[Crawled caption data]
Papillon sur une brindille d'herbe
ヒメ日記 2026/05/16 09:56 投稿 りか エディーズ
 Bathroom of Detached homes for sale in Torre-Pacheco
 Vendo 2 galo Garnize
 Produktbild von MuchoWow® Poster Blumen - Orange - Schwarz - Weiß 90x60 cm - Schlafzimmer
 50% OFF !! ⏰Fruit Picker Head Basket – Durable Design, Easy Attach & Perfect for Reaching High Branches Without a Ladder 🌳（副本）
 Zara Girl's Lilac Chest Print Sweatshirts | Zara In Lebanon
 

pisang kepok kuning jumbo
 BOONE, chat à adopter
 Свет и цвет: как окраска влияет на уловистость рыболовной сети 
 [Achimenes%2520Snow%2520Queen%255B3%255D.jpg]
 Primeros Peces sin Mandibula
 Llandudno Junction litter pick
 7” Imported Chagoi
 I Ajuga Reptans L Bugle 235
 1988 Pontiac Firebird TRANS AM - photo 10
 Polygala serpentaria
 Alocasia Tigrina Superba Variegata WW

Work instructions >>
Please write out, exactly as they appear, the lines from the line containing "Свет и цвет: как" through the last line of the records above, both included.

The completed task >>
 Свет и цвет: как окраска влияет на уловистость рыболовной сети 
 [Achimenes%2520Snow%2520Queen%255B3%255D.jpg]
 Primeros Peces sin Mandibula
 Llandudno Junction litter pick
 7” Imported Chagoi
 I Ajuga Reptans L Bugle 235
 1988 Pontiac Firebird TRANS AM - photo 10
 Polygala serpentaria
 Alocasia Tigrina Superba Variegata WW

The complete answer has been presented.